Decía la escritora Victoria Wolff que el odio no es un buen consejero. Viendo cómo se están desarrollando los prolegómenos de la batalla final en Esquerra Republicana, que tendrá este sábado su decisión ya definitiva, alguien no debe haber pensado lo suficiente en que después de los resultados de este fin de semana la fractura en la organización será importante. Que la formación republicana deberá recoser tantas relaciones rotas que convivir todos juntos en su seno puede acabar siendo imposible. Más de seis meses de batalla incruenta, con los cuchillos en la boca, llevan los republicanos. Justo desde la traumática derrota de las elecciones catalanas del pasado 12 de mayo, que arrastró al pozo más negro a ERC después de una gestión del Govern triste y desacertada bajo la presidencia de Pere Aragonès. No fue solo, por más que ahora se haga broma, la gestión de la sequía y el hecho de que desde que se convocaron las elecciones no haya dejado de llover; es que no hubo ni liderazgo ni rumbo político ante los grandes retos de país, por más que ahora el president Salvador Illa recuerde de vez en cuando lo bien que lo hicieron sus antecesores, seguramente más por agradecer los votos que le dieron para su investidura que por un convencimiento sobre lo que se ha encontrado.

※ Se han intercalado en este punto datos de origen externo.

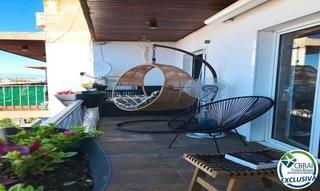 Apartament a Plaça del llevant 3. Ático totalmente reformado en venta en el centro de roses, cerca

Sea como sea, la pulsión de guerra interna en Esquerra ha adquirido dimensiones dantescas, fruto de la ruptura entre Oriol Junqueras y Marta Rovira. A la segunda se le atribuye que en más de una reunión se mostró crítica con la voluntad de Junqueras de presentarse de nuevo a la presidencia del partido y no abandonar definitivamente su cargo como ella hacía; el caso es que, tras su anuncio de que solo llevaría las riendas del partido hasta este congreso, poco más se ha sabido de Rovira. Más allá de cerrar el acuerdo con el PSC para la investidura de Illa y su retorno a Ginebra, donde vive desde 2017, aunque ahora sin la espada de Damocles de una posible extradición, ya que se ha beneficiado de la ley de amnistía. De la batalla sin cuartel que es la recta final del congreso de Esquerra, este martes hemos tenido una nueva prueba con la filtración por parte de la actual dirección de que Junqueras habría ordenado en 2019 a Alfred Bosch, entonces conseller de Exteriors, que no activara los protocolos de la Generalitat ni de ERC sobre el caso de presunto acoso sexual en el departamento, que implicaba al jefe de gabinete de la conselleria y que acabó costándoles el cargo a ambos.
La guerra interna en ERC ha adquirido dimensiones dantescas, fruto de la ruptura entre Oriol Junqueras y Marta Rovira
Junqueras ha lamentado la campaña de descalificaciones que sufre, rumores sin pruebas, filtraciones, ataques y calumnias, "una campaña marcada por el juego sucio propio de estructuras B", en referencia a los ataques de falsa bandera que se hacían desde la sede de la calle Calàbria para generar noticias falsas y poner en un aprieto a alguien que molestaba en aquel momento. No he visto las alegaciones de Bosch y desconozco absolutamente qué hay de verdad y qué hay de mentira en esta guerra sucia. Sí que me llama poderosamente la atención una cosa: si la actuación de Junqueras fue intentar taparlo todo desde la prisión de Lledoners, en la que se encontraba preso, debió ser con la complicidad de los que ahora lo acusan, desde la dirección que se ha quedado tras su marcha pasando por sectoriales como la de Feminismo y otras áreas de la organización. ¿Estaban en el ajo los hoy acusadores? ¿Hacia qué lado miraron entonces? Porque divulgar esto a cuatro días de la votación parece más un acto a la desesperada.
Desde el primer momento se supo que la batalla de Esquerra no era tanto de estrategia ideológica, sino de quién se quedaba dirigiendo el partido. Junqueras no quiere romper los apoyos a los socialistas y mucho menos la candidatura de Xavier Godàs, el exalcalde de Vilassar de Dalt, donde se aglutinan la gran mayoría de los dirigentes actuales de ERC, incluidos Aragonès y Rovira. La apuesta de estar chapoteando en el fango hasta el último segundo en busca del golpe definitivo que tumbe al adversario hace buena aquella famosa frase del tantas veces primer ministro democristiano italiano Giulio Andreotti —aunque otros se la atribuyen al primer canciller de la Alemania Occidental Konrad Adenauer—, que decía que en la vida hay amigos íntimos, amigos, conocidos, adversarios, enemigos, enemigos mortales y... compañeros de partido. Los peores, para muchos, siempre estos últimos. Pero la política se alimenta, como ningún otro oficio, de estas pulsiones.